SUPPLIED INFORMATION>

%%

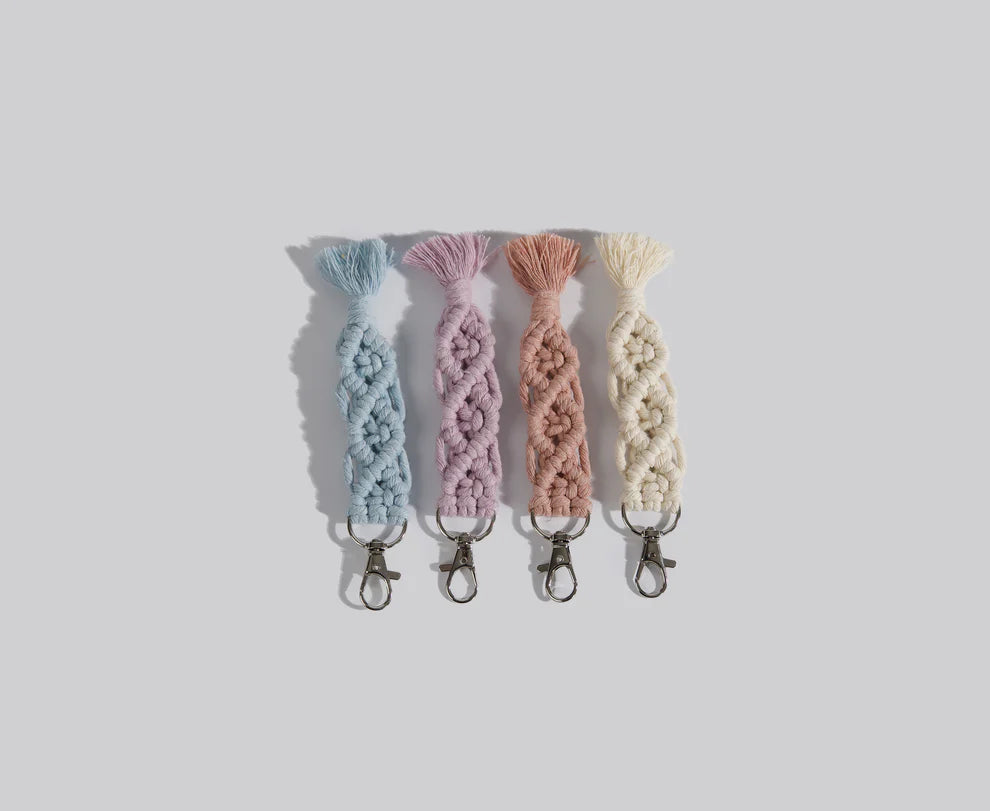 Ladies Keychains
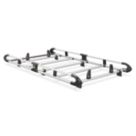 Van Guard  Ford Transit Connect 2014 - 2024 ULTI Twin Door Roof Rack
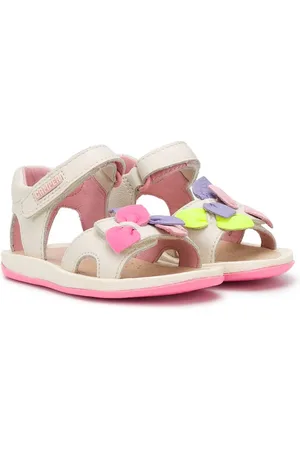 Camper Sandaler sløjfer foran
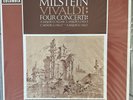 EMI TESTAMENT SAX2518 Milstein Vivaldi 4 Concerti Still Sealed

%%

PROBLEM>
Restate the whole listing above exactly, except for its images.

EXERCISE SOLUTION>
 Ladies Keychains
 Van Guard  Ford Transit Connect 2014 - 2024 ULTI Twin Door Roof Rack
 Camper Sandaler sløjfer foran
 EMI TESTAMENT SAX2518 Milstein Vivaldi 4 Concerti Still Sealed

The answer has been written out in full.